Collection entries:
BEGIN
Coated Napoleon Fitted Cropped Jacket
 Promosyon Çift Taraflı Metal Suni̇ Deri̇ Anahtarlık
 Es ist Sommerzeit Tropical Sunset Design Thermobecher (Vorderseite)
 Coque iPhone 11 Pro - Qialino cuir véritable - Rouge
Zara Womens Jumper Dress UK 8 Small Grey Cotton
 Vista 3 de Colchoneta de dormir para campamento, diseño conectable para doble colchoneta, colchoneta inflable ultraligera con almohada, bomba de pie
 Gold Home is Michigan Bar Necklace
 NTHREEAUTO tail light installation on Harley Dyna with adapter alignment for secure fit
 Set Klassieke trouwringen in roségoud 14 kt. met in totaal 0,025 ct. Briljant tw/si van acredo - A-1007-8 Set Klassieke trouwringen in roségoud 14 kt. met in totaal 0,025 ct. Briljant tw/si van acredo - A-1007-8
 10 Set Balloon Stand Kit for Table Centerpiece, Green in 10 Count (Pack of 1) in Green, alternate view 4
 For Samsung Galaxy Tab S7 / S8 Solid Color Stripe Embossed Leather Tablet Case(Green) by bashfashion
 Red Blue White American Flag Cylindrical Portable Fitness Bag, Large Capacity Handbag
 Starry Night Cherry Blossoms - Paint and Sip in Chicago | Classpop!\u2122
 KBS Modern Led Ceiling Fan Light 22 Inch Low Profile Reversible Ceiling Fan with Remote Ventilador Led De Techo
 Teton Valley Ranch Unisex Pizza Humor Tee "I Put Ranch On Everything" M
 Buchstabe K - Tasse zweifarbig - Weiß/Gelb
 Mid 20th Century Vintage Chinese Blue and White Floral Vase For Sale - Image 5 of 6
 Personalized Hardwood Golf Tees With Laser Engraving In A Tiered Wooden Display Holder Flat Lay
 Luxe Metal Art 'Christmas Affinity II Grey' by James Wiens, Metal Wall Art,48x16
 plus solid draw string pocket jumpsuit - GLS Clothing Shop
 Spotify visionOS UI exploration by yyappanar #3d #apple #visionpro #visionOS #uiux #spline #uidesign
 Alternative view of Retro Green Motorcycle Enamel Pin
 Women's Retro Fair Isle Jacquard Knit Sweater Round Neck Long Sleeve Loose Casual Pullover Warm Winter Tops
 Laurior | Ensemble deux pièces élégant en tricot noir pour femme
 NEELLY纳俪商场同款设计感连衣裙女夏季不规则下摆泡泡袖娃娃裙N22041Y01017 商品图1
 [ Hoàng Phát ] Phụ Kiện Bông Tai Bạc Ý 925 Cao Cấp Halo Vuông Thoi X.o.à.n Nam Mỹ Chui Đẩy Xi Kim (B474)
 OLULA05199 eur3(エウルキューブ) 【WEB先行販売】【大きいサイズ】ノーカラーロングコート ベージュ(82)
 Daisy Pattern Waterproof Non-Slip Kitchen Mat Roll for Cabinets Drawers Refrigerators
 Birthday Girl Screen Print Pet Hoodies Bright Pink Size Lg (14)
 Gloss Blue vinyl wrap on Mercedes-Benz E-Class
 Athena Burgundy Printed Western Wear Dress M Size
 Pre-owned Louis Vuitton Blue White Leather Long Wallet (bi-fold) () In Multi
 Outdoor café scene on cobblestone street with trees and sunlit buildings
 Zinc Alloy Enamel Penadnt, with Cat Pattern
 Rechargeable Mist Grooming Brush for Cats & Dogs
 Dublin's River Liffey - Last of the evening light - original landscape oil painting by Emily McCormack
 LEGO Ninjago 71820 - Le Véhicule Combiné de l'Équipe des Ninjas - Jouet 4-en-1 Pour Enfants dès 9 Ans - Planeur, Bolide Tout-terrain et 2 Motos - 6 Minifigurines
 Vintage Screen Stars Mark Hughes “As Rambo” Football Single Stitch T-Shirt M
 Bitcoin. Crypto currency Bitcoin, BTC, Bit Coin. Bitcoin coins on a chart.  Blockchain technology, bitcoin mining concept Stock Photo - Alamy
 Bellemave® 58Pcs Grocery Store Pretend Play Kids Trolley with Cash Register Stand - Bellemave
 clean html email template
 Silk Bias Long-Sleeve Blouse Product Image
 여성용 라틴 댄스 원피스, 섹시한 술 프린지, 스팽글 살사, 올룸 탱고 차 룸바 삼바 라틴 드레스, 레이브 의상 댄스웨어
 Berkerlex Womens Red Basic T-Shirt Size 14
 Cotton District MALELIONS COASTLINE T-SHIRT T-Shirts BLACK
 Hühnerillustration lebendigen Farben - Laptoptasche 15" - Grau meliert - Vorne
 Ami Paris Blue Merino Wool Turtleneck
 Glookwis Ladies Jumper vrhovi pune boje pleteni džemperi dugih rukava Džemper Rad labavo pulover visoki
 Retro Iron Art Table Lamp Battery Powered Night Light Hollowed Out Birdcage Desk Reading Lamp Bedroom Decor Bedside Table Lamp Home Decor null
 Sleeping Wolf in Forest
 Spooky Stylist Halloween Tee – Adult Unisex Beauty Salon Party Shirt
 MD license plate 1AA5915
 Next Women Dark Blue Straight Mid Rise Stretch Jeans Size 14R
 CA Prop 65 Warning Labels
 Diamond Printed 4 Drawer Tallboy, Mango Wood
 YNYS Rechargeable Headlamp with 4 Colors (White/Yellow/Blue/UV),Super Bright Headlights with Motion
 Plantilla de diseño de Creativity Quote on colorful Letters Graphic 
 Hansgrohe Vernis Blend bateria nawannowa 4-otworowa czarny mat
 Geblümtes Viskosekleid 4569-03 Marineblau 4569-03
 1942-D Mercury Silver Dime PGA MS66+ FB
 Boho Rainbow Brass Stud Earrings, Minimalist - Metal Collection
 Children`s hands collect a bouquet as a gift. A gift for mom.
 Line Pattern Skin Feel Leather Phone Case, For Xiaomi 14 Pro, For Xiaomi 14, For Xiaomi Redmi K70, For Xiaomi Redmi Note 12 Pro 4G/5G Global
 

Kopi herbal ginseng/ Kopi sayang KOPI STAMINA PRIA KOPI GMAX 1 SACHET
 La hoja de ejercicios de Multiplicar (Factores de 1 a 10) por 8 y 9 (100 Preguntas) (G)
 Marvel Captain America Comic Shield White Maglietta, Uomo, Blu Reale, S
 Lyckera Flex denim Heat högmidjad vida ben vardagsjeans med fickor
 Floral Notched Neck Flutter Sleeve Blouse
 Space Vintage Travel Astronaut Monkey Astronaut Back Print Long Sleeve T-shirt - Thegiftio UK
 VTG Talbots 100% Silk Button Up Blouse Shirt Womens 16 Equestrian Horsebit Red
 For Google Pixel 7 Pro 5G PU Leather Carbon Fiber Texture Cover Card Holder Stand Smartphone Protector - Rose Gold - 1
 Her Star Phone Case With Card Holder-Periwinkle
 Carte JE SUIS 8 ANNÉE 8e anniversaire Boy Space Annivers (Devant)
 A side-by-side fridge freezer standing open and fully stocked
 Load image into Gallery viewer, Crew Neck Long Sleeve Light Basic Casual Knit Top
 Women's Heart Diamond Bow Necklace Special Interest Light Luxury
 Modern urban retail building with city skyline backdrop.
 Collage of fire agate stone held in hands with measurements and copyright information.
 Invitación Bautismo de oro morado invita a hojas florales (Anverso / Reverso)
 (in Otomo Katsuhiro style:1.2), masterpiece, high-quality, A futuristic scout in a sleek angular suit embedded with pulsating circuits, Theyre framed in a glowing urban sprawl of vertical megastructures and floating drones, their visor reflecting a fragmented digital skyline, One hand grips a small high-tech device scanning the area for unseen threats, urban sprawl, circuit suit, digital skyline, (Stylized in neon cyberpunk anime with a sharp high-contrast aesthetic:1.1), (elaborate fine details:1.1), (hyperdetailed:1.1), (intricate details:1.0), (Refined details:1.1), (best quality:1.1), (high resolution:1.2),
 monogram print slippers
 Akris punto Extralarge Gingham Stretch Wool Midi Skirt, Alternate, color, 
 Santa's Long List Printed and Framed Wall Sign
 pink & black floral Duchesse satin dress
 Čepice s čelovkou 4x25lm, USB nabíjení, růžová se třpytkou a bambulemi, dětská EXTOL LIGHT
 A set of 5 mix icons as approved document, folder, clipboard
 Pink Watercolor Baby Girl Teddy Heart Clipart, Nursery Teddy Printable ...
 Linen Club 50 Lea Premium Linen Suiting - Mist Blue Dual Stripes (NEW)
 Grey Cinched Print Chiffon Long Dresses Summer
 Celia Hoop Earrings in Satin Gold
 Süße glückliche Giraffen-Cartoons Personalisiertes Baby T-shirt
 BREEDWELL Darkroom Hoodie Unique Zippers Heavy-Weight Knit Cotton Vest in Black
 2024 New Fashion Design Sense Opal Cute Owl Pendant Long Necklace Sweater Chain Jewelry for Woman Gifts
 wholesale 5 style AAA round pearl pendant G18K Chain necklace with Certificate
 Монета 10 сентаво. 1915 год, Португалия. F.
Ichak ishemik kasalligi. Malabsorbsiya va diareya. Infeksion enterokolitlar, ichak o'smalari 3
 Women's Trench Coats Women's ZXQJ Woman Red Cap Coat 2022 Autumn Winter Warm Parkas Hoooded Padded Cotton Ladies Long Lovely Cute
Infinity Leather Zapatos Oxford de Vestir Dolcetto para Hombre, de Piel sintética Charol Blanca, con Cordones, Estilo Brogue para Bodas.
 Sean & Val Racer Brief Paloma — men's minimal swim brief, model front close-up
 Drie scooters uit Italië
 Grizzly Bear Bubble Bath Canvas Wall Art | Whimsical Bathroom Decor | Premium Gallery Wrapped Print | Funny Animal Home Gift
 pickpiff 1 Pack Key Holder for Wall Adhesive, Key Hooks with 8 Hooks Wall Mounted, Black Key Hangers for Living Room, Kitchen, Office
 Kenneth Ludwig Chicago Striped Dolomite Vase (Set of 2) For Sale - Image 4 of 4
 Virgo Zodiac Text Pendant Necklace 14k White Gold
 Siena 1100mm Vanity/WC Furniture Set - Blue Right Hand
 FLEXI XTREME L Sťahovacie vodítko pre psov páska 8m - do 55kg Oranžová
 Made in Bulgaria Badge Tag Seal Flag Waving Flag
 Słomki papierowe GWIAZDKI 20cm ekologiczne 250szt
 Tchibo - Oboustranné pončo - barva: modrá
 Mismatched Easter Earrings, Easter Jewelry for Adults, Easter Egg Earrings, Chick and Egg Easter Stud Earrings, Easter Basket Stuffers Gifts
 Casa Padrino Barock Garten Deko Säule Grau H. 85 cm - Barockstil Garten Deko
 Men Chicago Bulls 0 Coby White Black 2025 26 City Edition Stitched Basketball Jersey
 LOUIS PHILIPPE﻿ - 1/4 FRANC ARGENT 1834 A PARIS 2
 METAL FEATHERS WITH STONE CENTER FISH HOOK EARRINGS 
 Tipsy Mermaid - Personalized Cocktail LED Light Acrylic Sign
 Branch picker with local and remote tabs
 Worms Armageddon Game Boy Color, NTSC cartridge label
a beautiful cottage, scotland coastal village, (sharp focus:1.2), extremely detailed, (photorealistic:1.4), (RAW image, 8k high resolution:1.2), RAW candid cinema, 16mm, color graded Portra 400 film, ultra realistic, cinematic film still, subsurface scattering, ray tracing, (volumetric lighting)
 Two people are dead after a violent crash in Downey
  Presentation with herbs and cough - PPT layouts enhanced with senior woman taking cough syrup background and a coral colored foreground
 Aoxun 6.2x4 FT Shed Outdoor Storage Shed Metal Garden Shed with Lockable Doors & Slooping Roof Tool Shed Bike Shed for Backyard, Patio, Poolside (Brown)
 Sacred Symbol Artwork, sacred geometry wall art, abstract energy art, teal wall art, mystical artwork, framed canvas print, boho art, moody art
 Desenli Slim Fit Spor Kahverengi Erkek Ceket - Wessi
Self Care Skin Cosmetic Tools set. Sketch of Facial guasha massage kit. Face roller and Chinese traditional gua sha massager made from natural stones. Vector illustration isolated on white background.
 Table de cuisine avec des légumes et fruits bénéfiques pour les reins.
END
[Task to complete]
Return only the lines between the one holding "Collage of fire" and the one holding "monogram print slippers", inclusive, exactly as they appear above.

[Written solution]
 Collage of fire agate stone held in hands with measurements and copyright information.
 Invitación Bautismo de oro morado invita a hojas florales (Anverso / Reverso)
 (in Otomo Katsuhiro style:1.2), masterpiece, high-quality, A futuristic scout in a sleek angular suit embedded with pulsating circuits, Theyre framed in a glowing urban sprawl of vertical megastructures and floating drones, their visor reflecting a fragmented digital skyline, One hand grips a small high-tech device scanning the area for unseen threats, urban sprawl, circuit suit, digital skyline, (Stylized in neon cyberpunk anime with a sharp high-contrast aesthetic:1.1), (elaborate fine details:1.1), (hyperdetailed:1.1), (intricate details:1.0), (Refined details:1.1), (best quality:1.1), (high resolution:1.2),
 monogram print slippers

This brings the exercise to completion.